DATA:
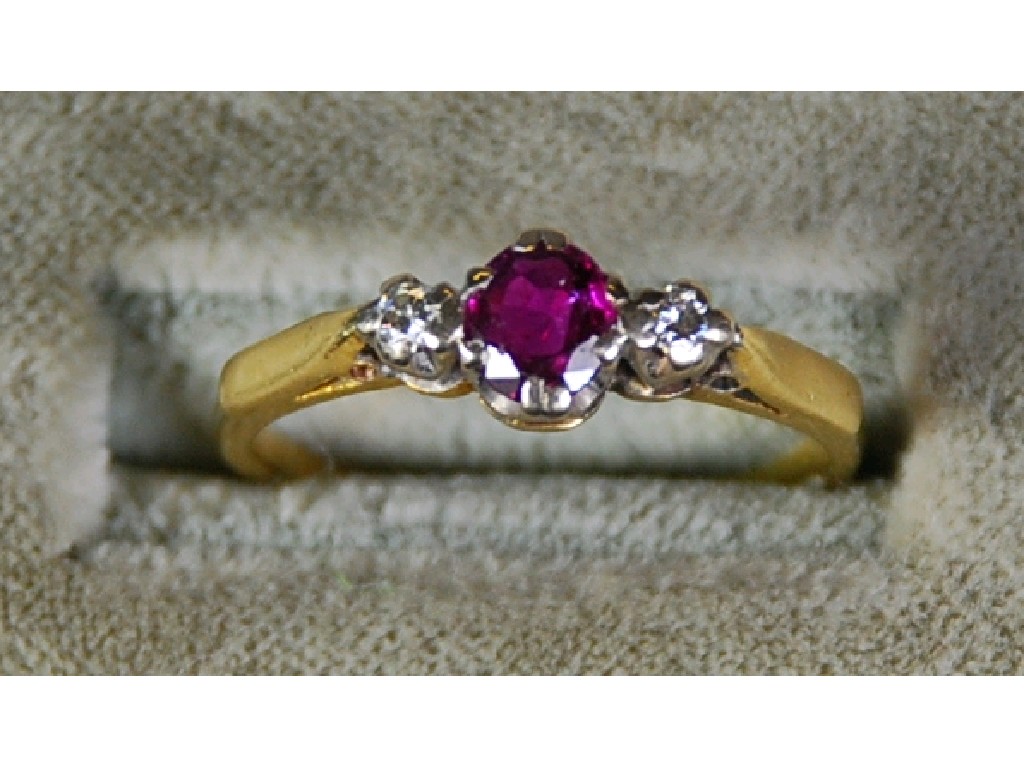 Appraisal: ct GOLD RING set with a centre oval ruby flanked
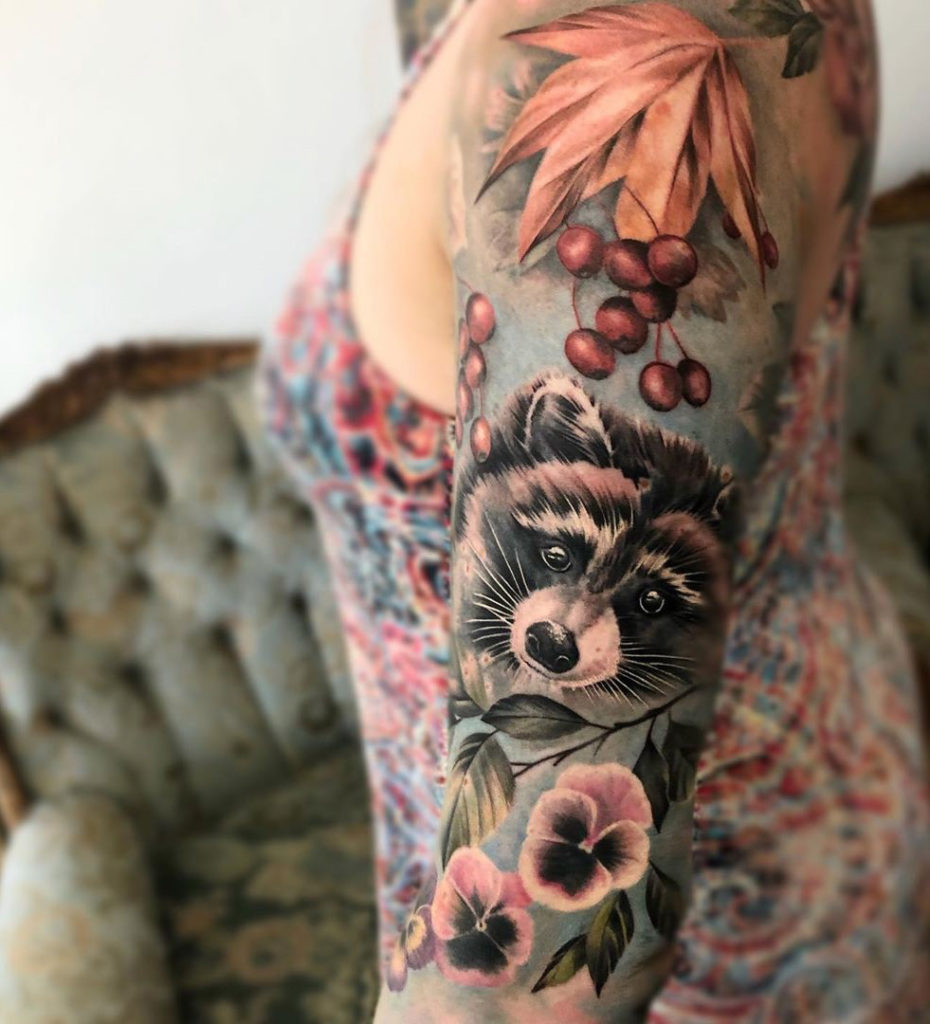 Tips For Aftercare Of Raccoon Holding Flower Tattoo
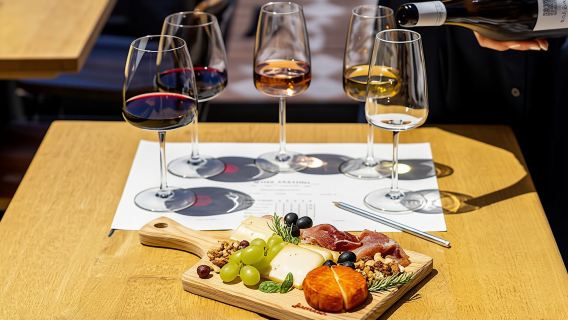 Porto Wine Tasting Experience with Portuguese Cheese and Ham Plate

...

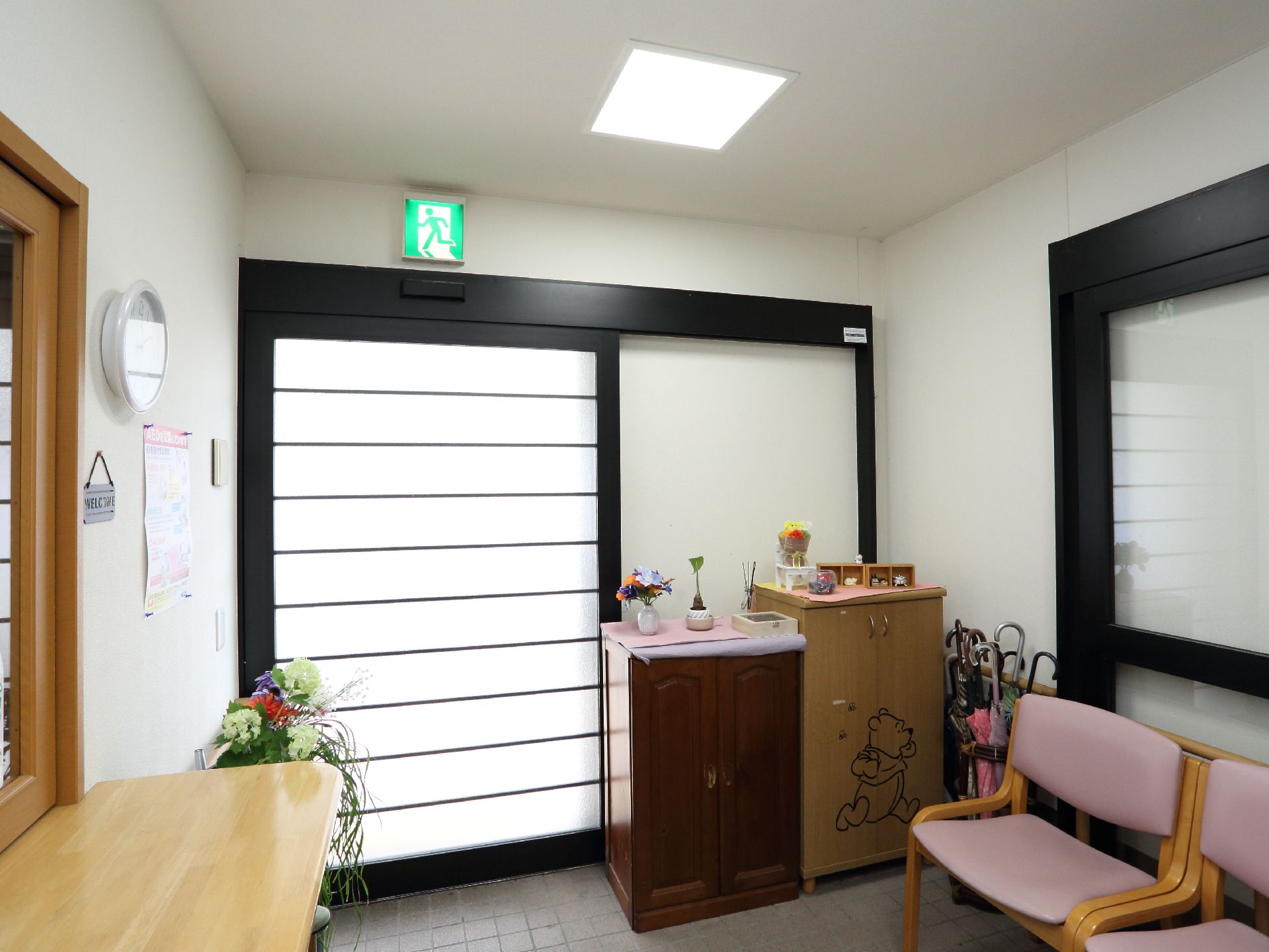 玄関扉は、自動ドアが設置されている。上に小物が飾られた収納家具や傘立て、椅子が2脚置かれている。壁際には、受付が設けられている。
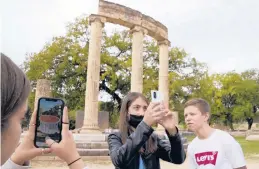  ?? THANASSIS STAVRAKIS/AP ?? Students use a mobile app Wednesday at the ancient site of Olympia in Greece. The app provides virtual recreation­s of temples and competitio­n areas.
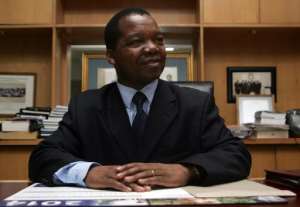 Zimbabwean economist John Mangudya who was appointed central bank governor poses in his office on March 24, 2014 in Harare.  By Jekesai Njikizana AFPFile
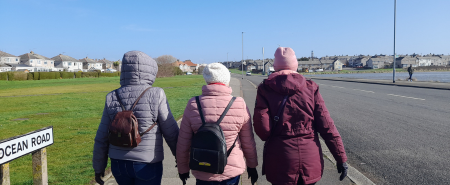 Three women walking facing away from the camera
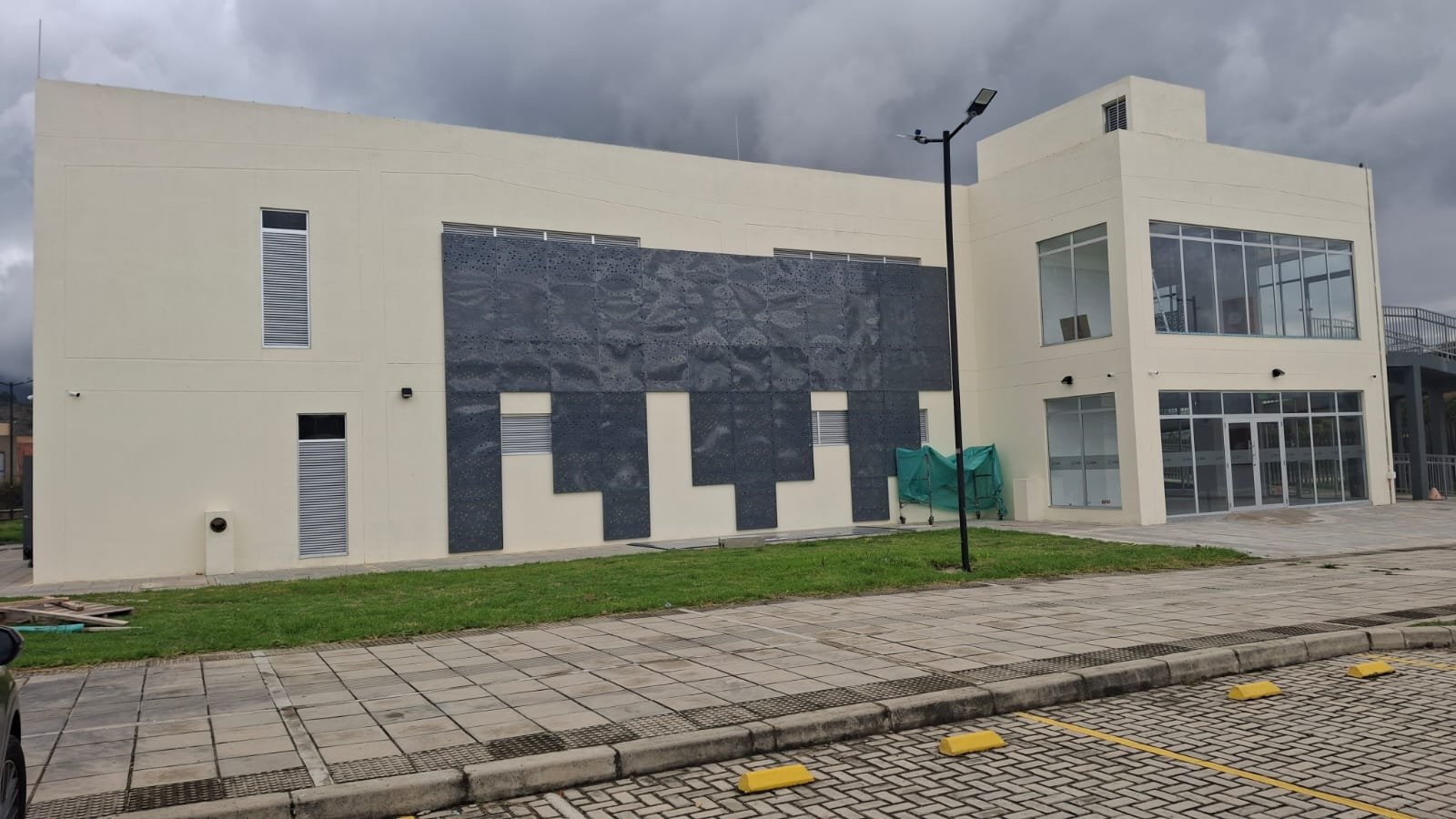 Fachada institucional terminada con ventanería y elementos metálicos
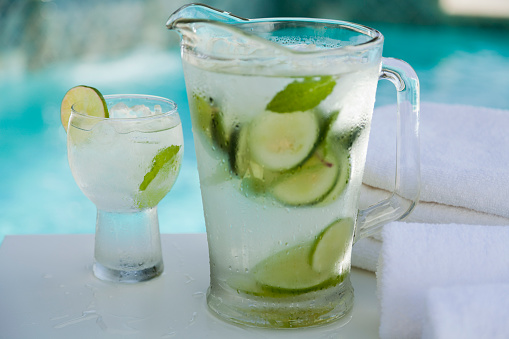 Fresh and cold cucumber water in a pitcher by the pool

==

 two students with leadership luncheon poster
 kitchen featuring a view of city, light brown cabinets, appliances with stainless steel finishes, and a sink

TASK DETAILS:
Nothing but the lines from the one with "Zimbabwean economist John" to the one with "Fresh and cold" above, both included, should be transcribed, exactly and without pictures.

YOUR SOLUTION:
 Zimbabwean economist John Mangudya who was appointed central bank governor poses in his office on March 24, 2014 in Harare.  By Jekesai Njikizana AFPFile
 Three women walking facing away from the camera
 Fachada institucional terminada con ventanería y elementos metálicos
 Fresh and cold cucumber water in a pitcher by the pool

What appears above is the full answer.